■ **Source material**
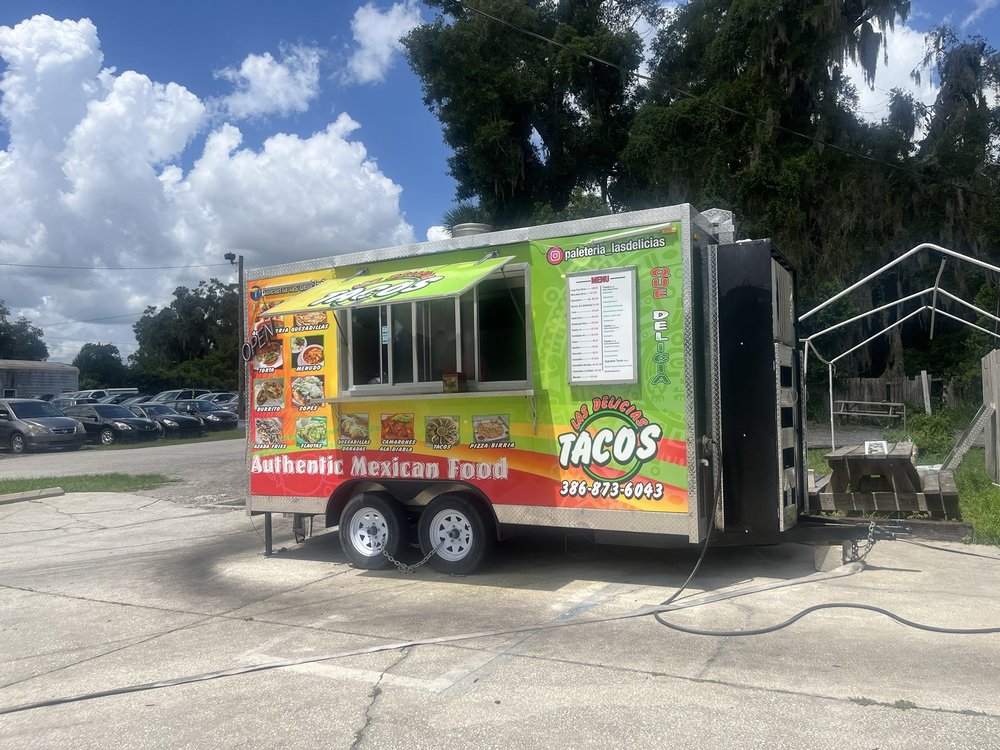 Las Delicias Tacos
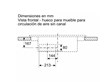 Anafe Eléctrico Inducción Con Extractor Bosch PVQ731H26E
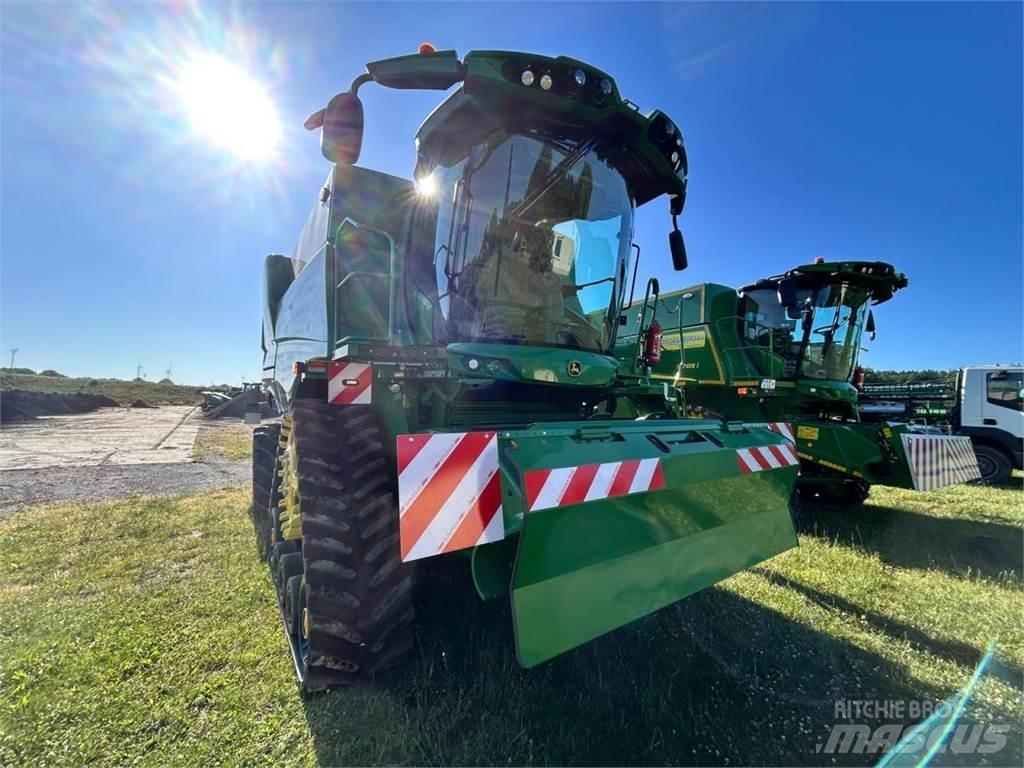 John Deere S780 Θεριζοαλωνιστικές μηχανές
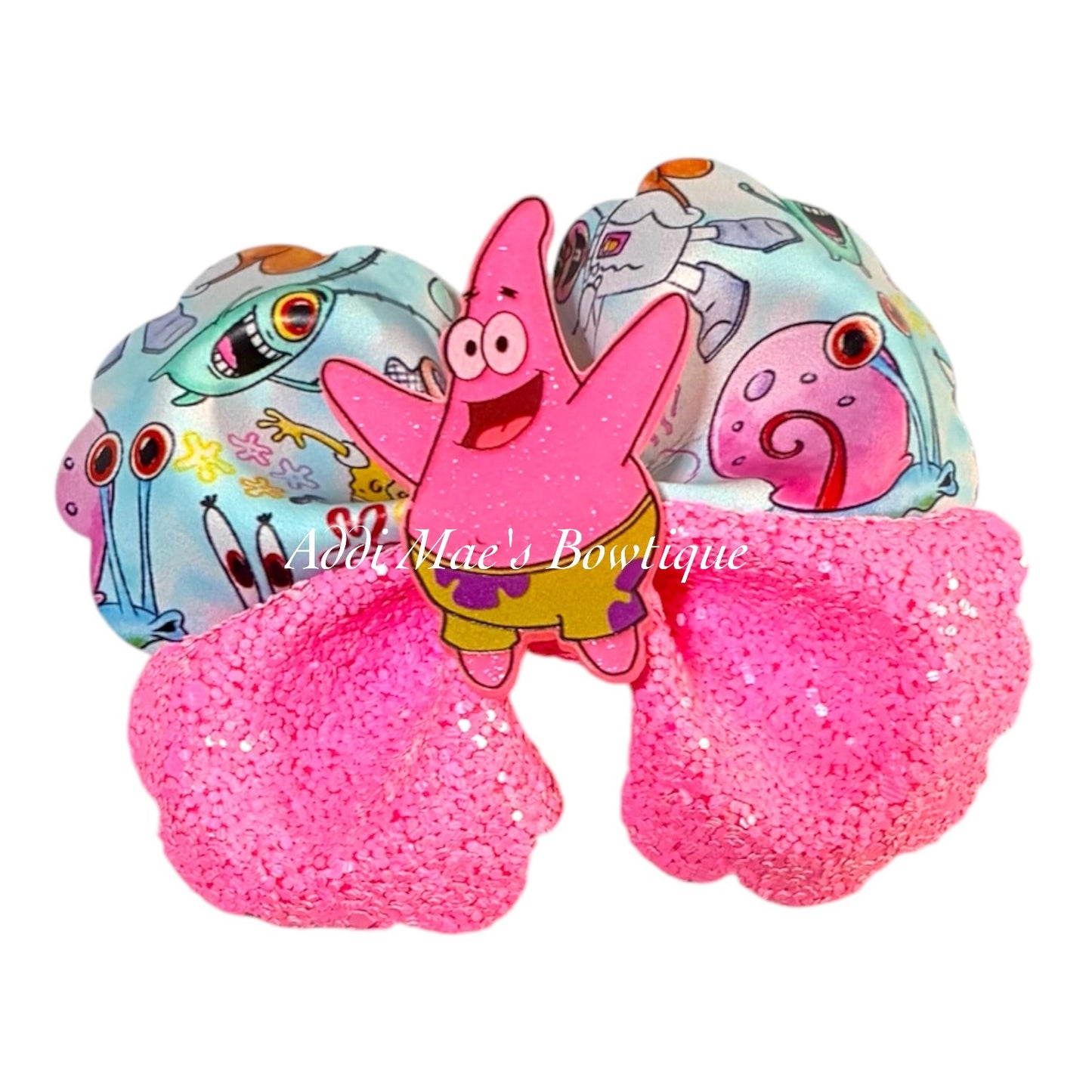 Patrick  3.5” Bow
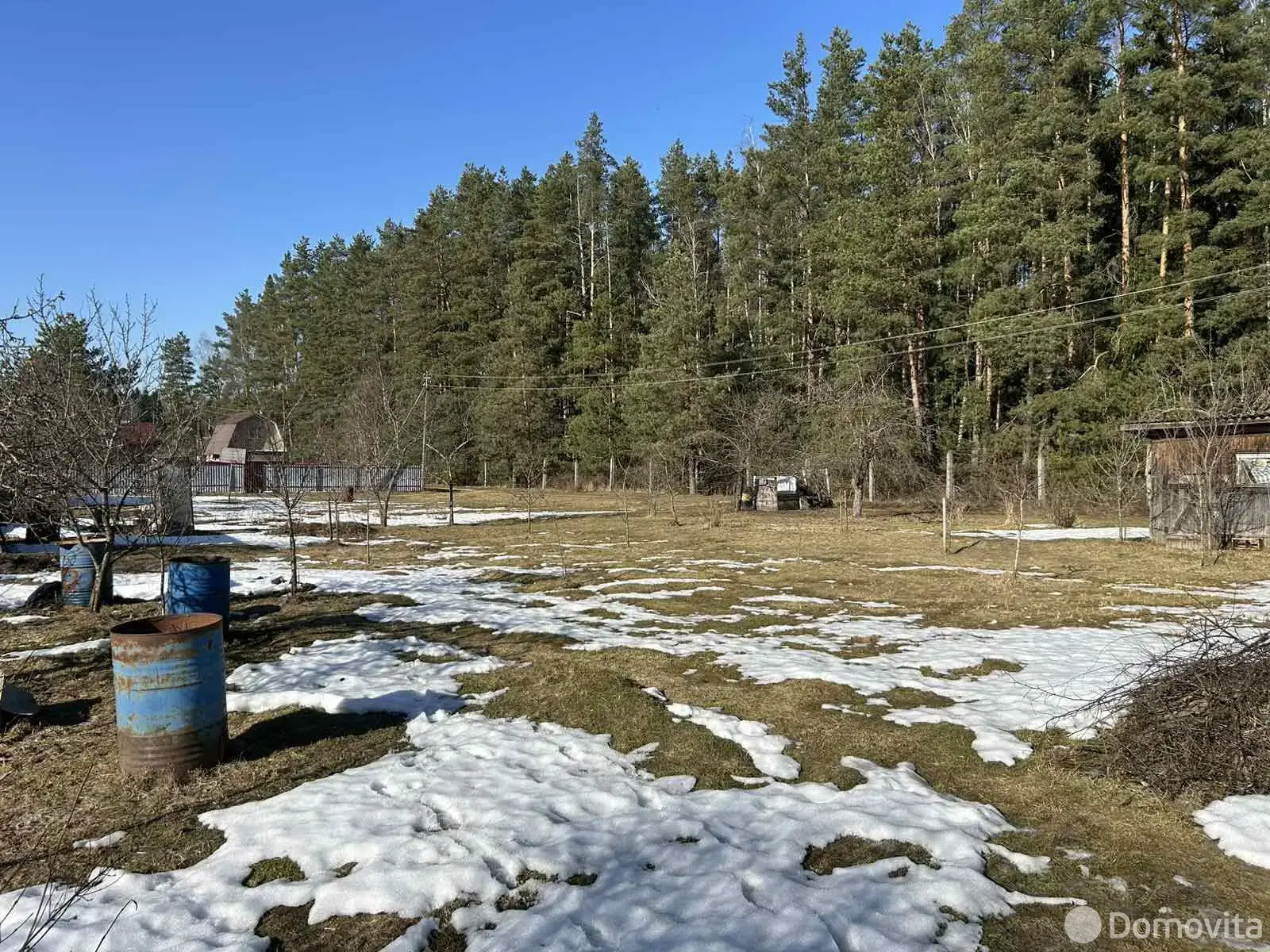 участок, Журавинка,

■ **Task prompt**
Your output must consist only of the lines from the line with "Anafe Eléctrico Inducción" through the final line of the data, both included, reproduced exactly and free of pictures.

■ **Response box**
 Anafe Eléctrico Inducción Con Extractor Bosch PVQ731H26E
 John Deere S780 Θεριζοαλωνιστικές μηχανές
 Patrick  3.5” Bow
 участок, Журавинка,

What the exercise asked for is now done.